Now, of course, we have introduced some complexity, but at the same time, whatever is to the right of the =>
can be a modular function we set up as an import or require('...')
. But to the left, the payload.role
we pass in is not going to directly match unless we use something like indexOf
or includes
on the string parameter as if it were an array we are searching through.

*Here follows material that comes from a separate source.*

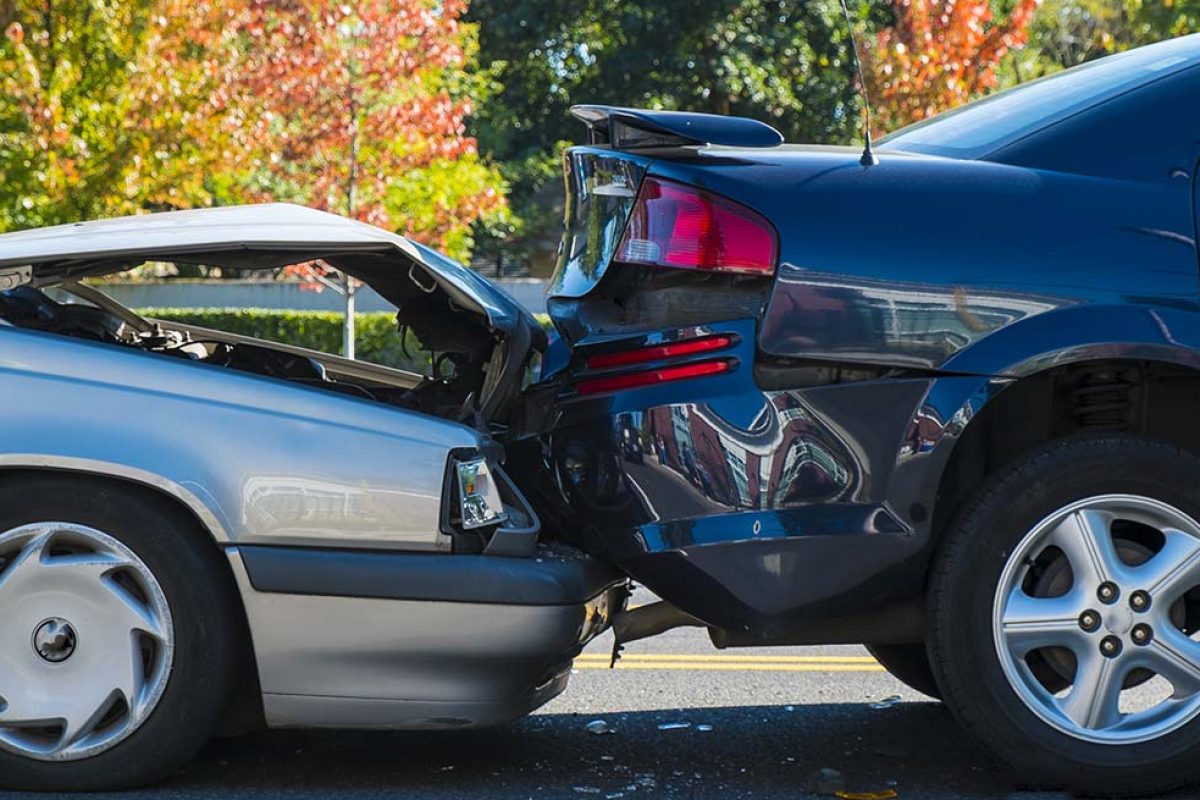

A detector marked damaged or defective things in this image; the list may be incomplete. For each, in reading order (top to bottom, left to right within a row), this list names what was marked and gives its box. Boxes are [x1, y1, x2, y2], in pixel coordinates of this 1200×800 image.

And further than this, we may want to approach this idea in general: a semantics for these dictionary keys that is minimally “propositional” or “grammatical”, so that means special characters like /
or $
or —
take on a structural meaning so as to facilitate an “architecture of distinction” between semantic items like “buyer”, which corresponds to a workflow, and “application/…json”, which corresponds to something else altogether, namely, informing the developer themself how to treat the code, whether to touch it or not, etc. during refactorization, or what’s more, it might actually entail writing to a different database or something else that can be programmed which would sufficiently be different from other functions that would be versioned according to an evolution path or will eventually die off after enough clients evolve far enough so as to warrant deprecating older generations of features (known through their functions).
Aside from special characters like /
we have a wealth of semantic properties we can think about from environment settings (staging, prod, etc) to Date/timestamp settings to trace-ids to cryptographic grouping (for mesh or P2P organization) to semantic versioning. Then, as well, we can specify “default” behavior. Both server and clients can use this idea and also programmatically pattern-match in order to prioritize (think order of operations) which semantic properties ought to have greater or lesser “specificity” as determining which modular function may be used in the running program, whether API or client. Think of it as “CSS specificity for co-evolving clients and servers”; in a way its “thinking in CSS conceptually in order to write scalable, evolvable JS”. To say the least, the abstraction used to determine default behavior relative to semantic properties allows for server and client developers to manually configure higher priority functions even without algorithmically pattern-matching.